• [TASK DESCRIPTION]: In the material below, begin at the line that has "Koszulka biała męska", stop after the line that has "シーズンフラッツ浅草六丁目 部屋番号1202(1DK/12階)の間取り写真", and transcribe those lines exactly, without pictures.

• [WORKING DATA]:
* * *

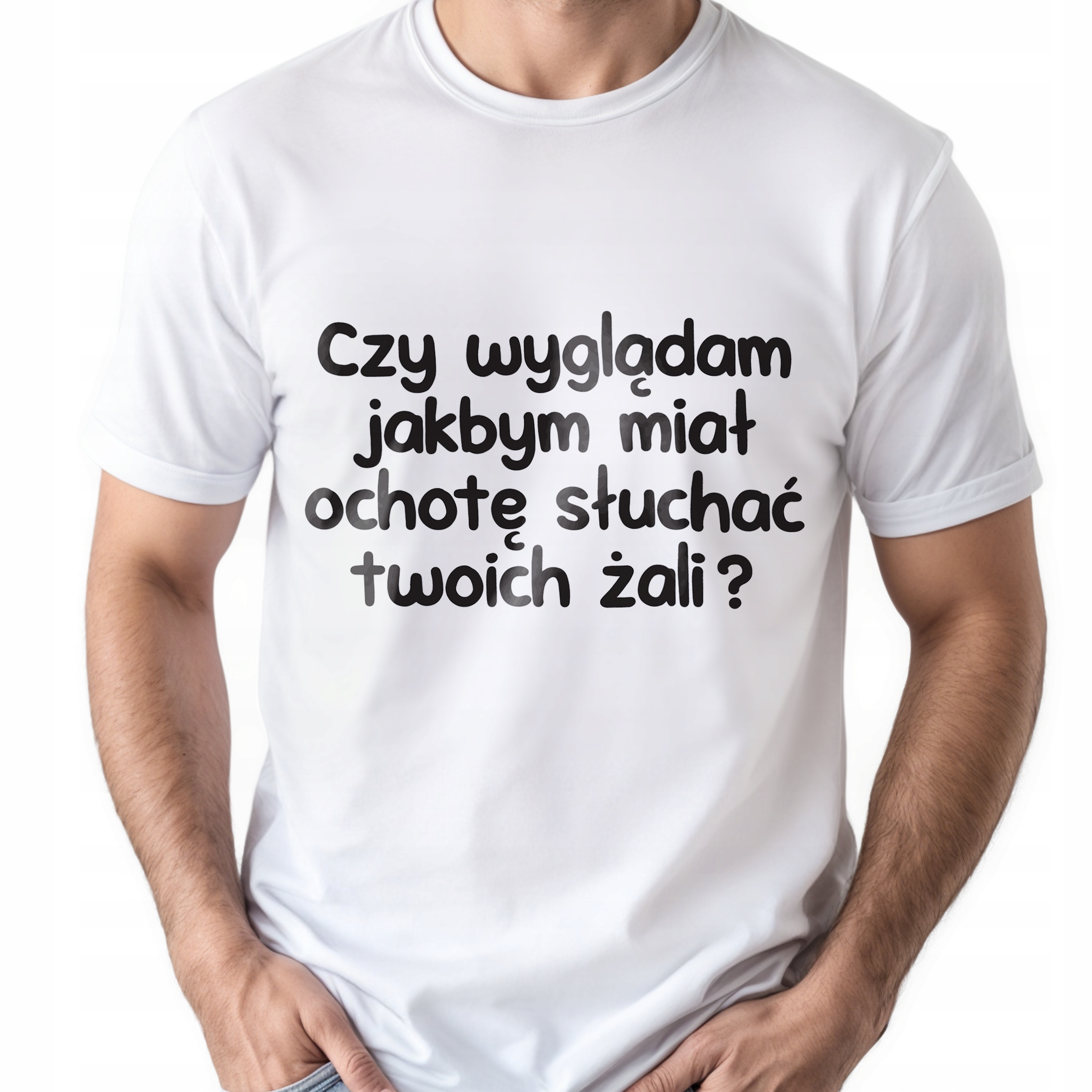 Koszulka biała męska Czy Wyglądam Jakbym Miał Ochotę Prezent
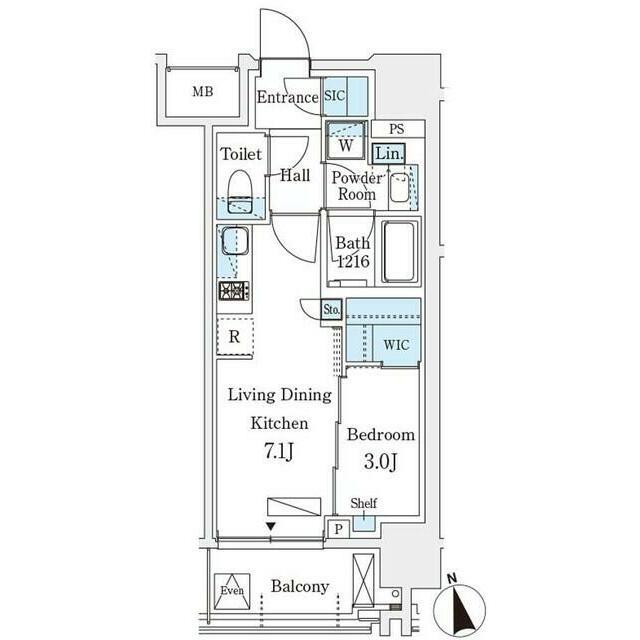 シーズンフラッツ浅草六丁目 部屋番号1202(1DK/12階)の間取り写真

* * *

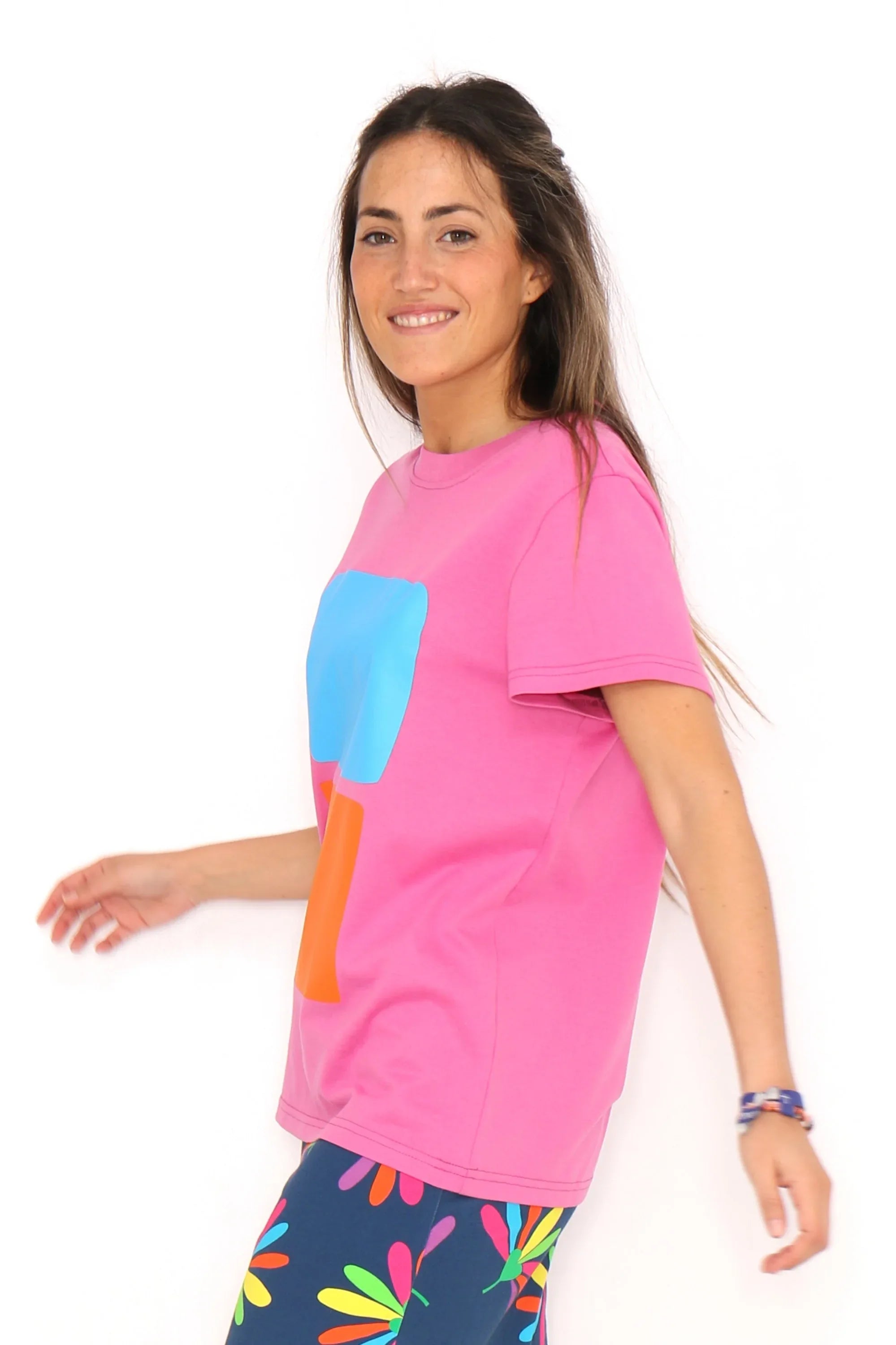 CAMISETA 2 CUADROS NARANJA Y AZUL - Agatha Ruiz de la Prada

* * *

• [RESPONSE BOX]:
 Koszulka biała męska Czy Wyglądam Jakbym Miał Ochotę Prezent
 シーズンフラッツ浅草六丁目 部屋番号1202(1DK/12階)の間取り写真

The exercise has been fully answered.